Ogni abitazione aveva la sua luce elettrica e i lampadari consistevano in piatti di lamiera smaltata con lampadina a basso voltaggio, ci sembrava di "toccare il cielo con le dita" !

Iniziavano a circolare le prime radio, che trasmettevano notizie, musica e sport, seguito soprattutto dagli uomini del paese. Ricordo bene le discussioni sul ciclismo fatte sul muretto tra Stello, Giannino, Liseo, Cassian, Getullio e Tonino; chi parteggiava per Bartali, chi per Coppi e si facevano pronostici e scommesse sulle tappe del Giro d'Italia.

Noi ragazzini più giovani parlavamo sempre di cantanti e di musica; Isaura aveva una passione sfrenata per Claudio Villa e altri la seguivano anche se con meno entusiasmo. A qualcuno piaceva Gino Latrila o Natalino Otto. Si ascoltava alla radio anche il Festival di S. Remo con l'orchestra Angelini e i cantanti Nilla Pizzi, Tonina Tornelli e Carla Boni.

Un giorno Don Arturo annunciò che avrebbe comprato la televisione.

Noi ragazzi non l'avevamo mai vista, non sapevamo nemmeno cosa fosse né come funzionasse. Il giorno che è arrivata in paese la televisione, tutti stavamo ad osservare curiosi il modo in cui veniva installata quella scatola nera. È stata portata nella "sala del prete" ma è stato poi difficile la scelta del piano d'appoggio, che doveva essere necessariamente in alto per dare a tutti la possibilità di vederla.

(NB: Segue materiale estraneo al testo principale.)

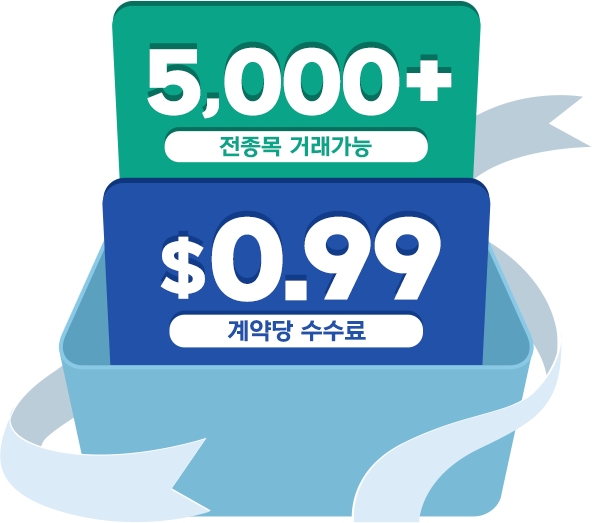 계약당 수수료 $0.99, 100계약 거래 시 지급 $100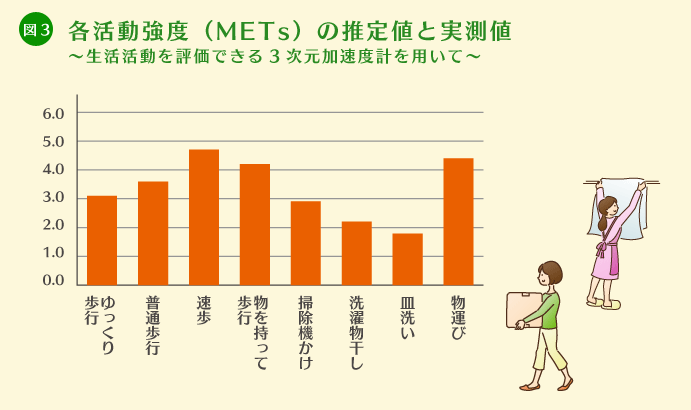 図3 各活動強度（METs）の推定値と実測値 ～生活活動を評価できる3次元加速度計を用いて～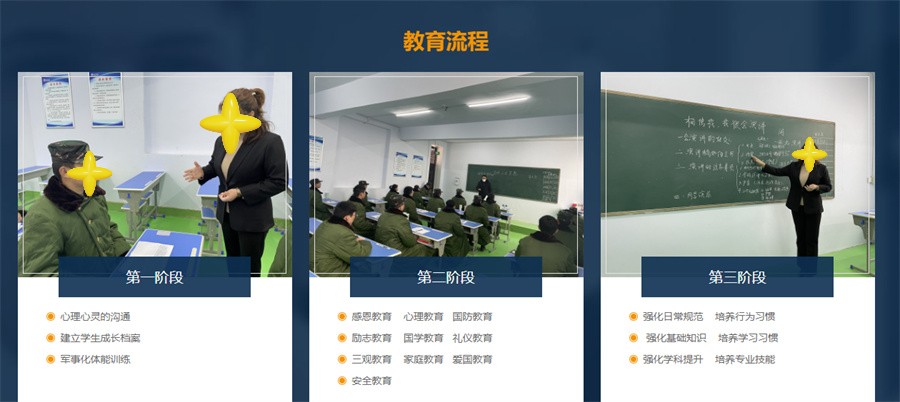 十大封闭式叛逆戒网瘾教育学校排名名单-TOP10汇总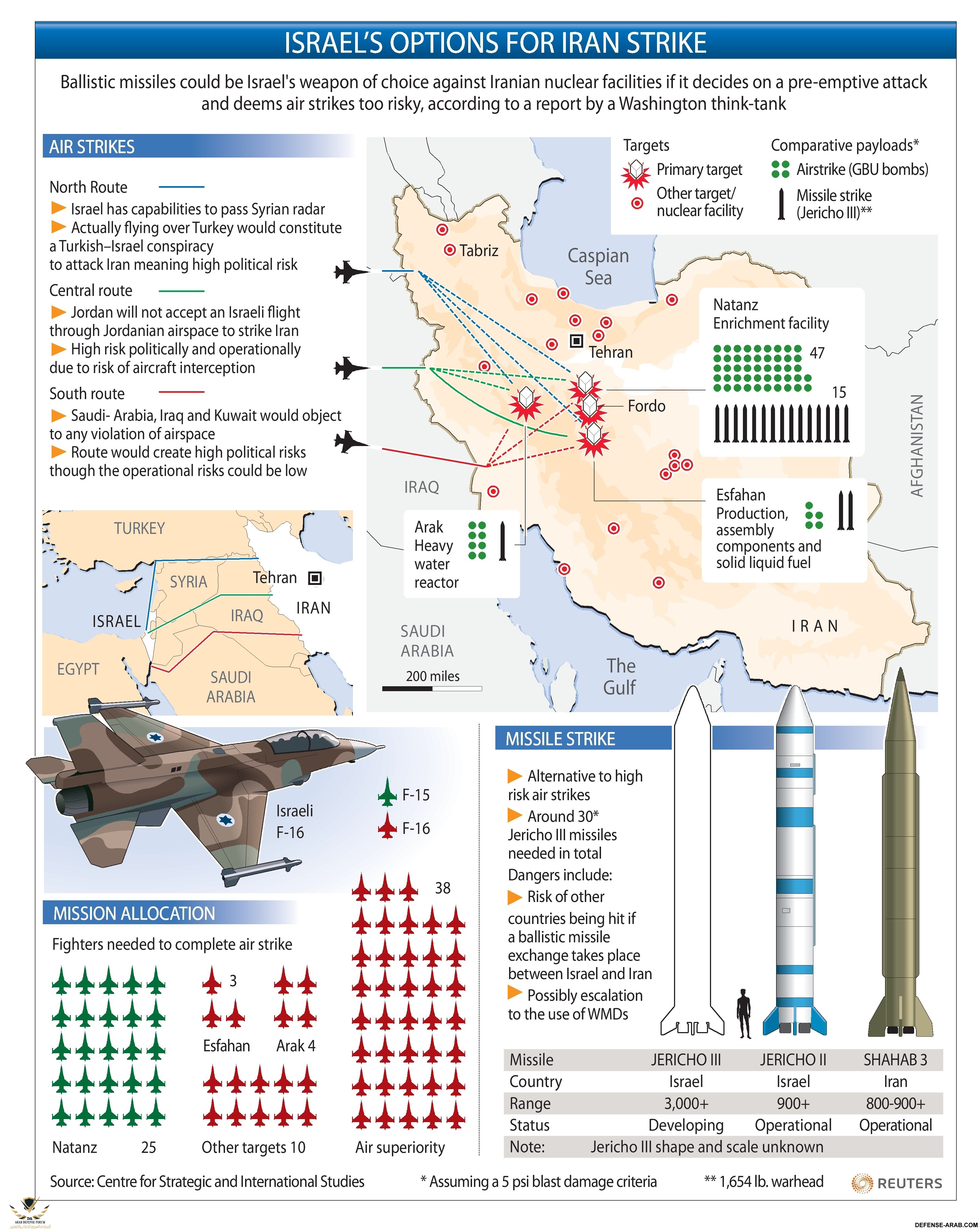 iran-israel.jpg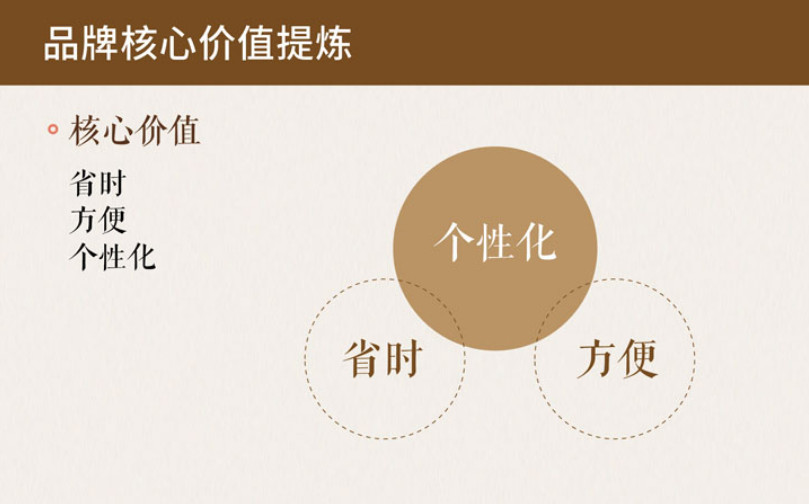 品牌核心價值提煉2 滋補品牌全案策劃公司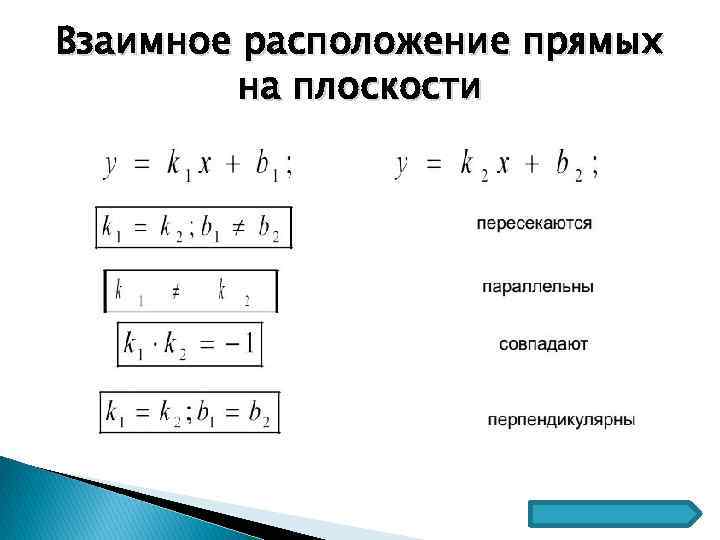 Взаимное расположение прямых на плоскости 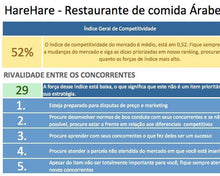 Load image into Gallery viewer, Planilha das 5 Forças Competitivas de Porter em Excel 4.0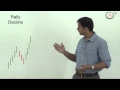 4. How To Identify Stock Market Direction (Trends) Part 1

Finalmente è arrivato il momento dell'accensione, sullo schermo all'inizio è apparsa solo la scritta "RAI", seguita dopo poco tempo dal "TELEGIORNALE".

Il giornalista che leggeva le notizie era un signore, con le orecchie "a sventola" che annunciava fatti avvenuti in Italia e nel mondo. Noi bambini non capivamo molto di ciò che diceva, ma il fascino dell'apparecchio nuovo ci teneva incuriositi, davanti allo schermo. Al termine del telegiornale c'era l'intervallo, durante il quale si sentiva una musichetta e si vedeva un paesaggio pieno di pecore. Finalmente arrivava lo spettacolo "Lascia o raddoppia", condotto da Mike Bon-giorno con la valletta Edi Campagnoli, una bella ragazza bionda, ammirata dagli uomini del paese.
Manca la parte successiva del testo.